Publié le 30 septembre 2019
ENVIRONNEMENT
Usine Lubrizol : une "marée noire" tombée du ciel qui inquiète les agriculteurs
Les bêtes et les sols sont-ils pollués ? Après le grave incendie de l'usine chimique Lubrizol à Rouen, la préfecture de Seine-Maritime a gelé la récolte des agriculteurs au nom du principe de précaution. Certains éleveurs doivent jeter des centaines de litres de lait, denrée périssable. Le manque à gagner est énorme pour le secteur agricole, déjà en crise.

LouBenoist/AFP
Le cauchemar continue à Rouen. Après l’important incendie de l’usine Lubrizol survenue le 26 septembre, à quelques kilomètres de la ville, l’inquiétude règne chez les agriculteurs. "Si les analyses ne sont pas bonnes, ce serait le scénario catastrophe", décrit Aline Catoir, éleveuse de vaches laitières en Normandie.

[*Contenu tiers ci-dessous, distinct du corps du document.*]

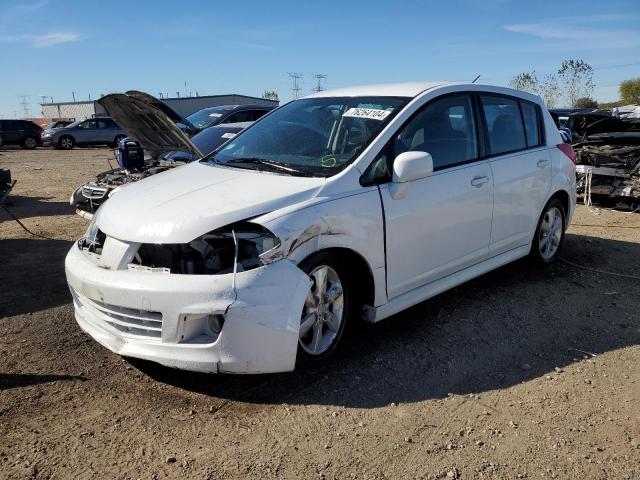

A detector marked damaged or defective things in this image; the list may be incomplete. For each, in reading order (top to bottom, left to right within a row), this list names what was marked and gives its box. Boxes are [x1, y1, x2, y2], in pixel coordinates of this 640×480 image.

Face aux conséquences encore inconnues du nuage de fumée, décrit comme une "marée noire du ciel", la préfecture de Seine-Maritime a décidé de geler la récolte des producteurs, au nom du principe de précaution. L’usine était classée Seveso en raison de la présence de produits chimiques dangereux. Elle fournissait des additifs pour les huiles pour moteurs, des lubrifiants industriels et pour les carburants.
#incendie #Lubrizol
Précautions particulières pour #éleveurs et #agriculteurs
Rentrer les animaux
Sécuriser leur alimentation et leur abreuvement en les mettant à l'abri
Suspendre les récoltes@Min_Agriculture— Préfet de la Seine-Maritime (@Prefet76) September 26, 2019
Des centaines de litres de lait jetées
"On se demande comment la zone a été définie, nous, nous y sommes, mais je connais des gens qui ne sont pas dans la liste qui avaient des toits de voitures noirs ! Ça pose certaines questions", juge Sébastien Catoir agriculteur à Conteville, à 50 km au nord du lieu de l’accident industriel. Au total, 112 communes du département sont concernées par ce gel des récoltes.

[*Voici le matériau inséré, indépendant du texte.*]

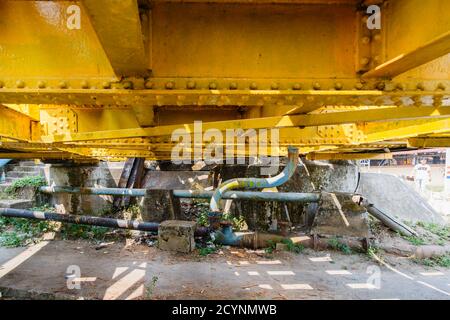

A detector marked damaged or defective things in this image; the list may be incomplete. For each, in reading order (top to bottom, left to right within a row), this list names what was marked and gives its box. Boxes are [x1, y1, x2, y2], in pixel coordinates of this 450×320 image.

bent pipe [209, 147, 300, 212]
bent pipe [38, 186, 320, 204]
bent pipe [0, 209, 210, 236]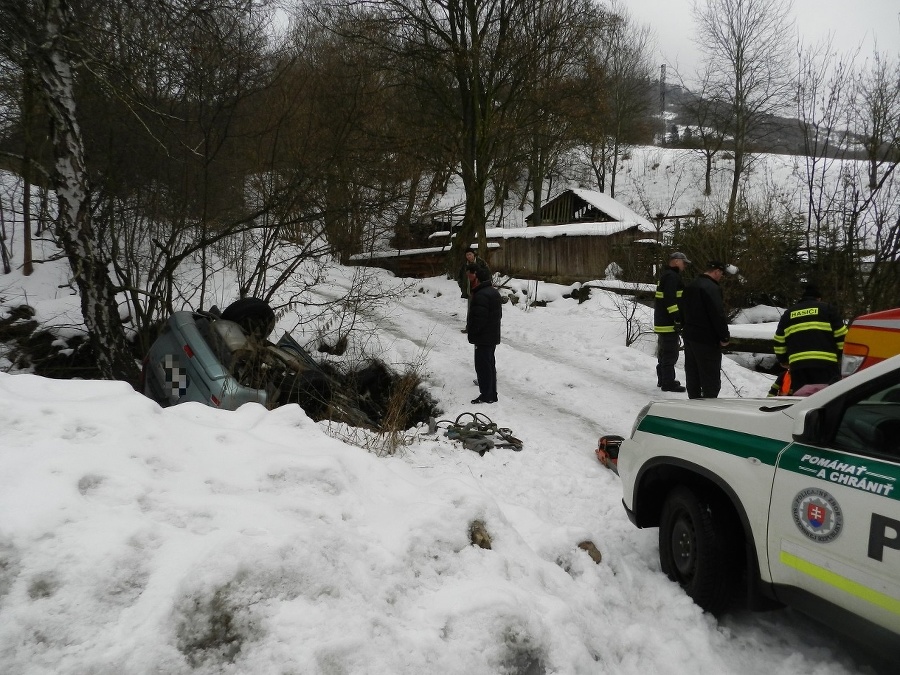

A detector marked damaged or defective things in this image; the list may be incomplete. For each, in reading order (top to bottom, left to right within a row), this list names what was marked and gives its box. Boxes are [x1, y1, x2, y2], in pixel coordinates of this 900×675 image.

overturned car [142, 300, 440, 430]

L’arrêté restreint la mise sur le marché "du lait, des œufs, du miel, et des poissons d’élevage", "des productions végétales ou des aliments pour animaux", ainsi que des "productions animales ou d’origine animale". Les agriculteurs doivent consigner leurs produits jusqu’à ce qu’une évaluation du risque sanitaire soit effectuée. S’ils dérogent à cette règle, ils peuvent être condamnés à une peine de deux ans d’emprisonnement et 300 000 euros d’amende. Le manque à gagner est important pour ce secteur, déjà en crise.

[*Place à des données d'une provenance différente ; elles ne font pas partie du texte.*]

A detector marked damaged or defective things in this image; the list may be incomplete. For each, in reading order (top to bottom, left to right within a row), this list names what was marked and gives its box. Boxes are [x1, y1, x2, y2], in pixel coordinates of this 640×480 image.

"Le lait est une denrée périssable, on le jette", explique à France Bleu Stéphane Donckele, éleveur de vaches laitières à Catenay. "Aujourd’hui je perds 700 euros par jour. Le réservoir dans lequel on stocke le lait, théoriquement trois jours, est plein. Si on veut continuer à traire, il faut bien qu'on le vide. Donc là on jette parce que les laiteries ne viennent pas le chercher", déplore-t-il. L’agriculteur déverse donc son lait dans la fosse à lisier qui sera remis sur les pâtures et pourrait possiblement polluer ses terres.
Ecoles réouvertes mais agriculture à l'arrêt
Si le principe de précaution est admis dans le secteur agricole, beaucoup ne comprennent pas ce deux poids deux mesures entre la réouverture des écoles à Rouen et l’interdiction qui pèse sur le monde paysan. "Quand on me dit qu’il n’y a pas de problème, il n’y a pas de problème. On me dit aujourd’hui (que) l’air de Rouen n’est pas pollué, c’est relativement satisfaisant. Et sur les cultures, on dit 'stop, basta !' Je ne peux pas le comprendre", explique à Europe 1 Jean-Hugues Fleutry, éleveur d’une cinquantaine de vaches laitières.
Après un été caniculaire et une sécheresse interminable, la question de l’indemnisation est également posée. Le ministère de l’Agriculture, Didier Guillaume, a promis, lundi 30 septembre, que les agriculteurs seraient indemnisés. "Ce sont des victimes, ils ne doivent pas payer le prix de tout cela", a déclaré le ministre invité de RTL Soir, expliquant que certains agriculteurs perdent entre "1000 et 1500 euros par jour" depuis l'incendie.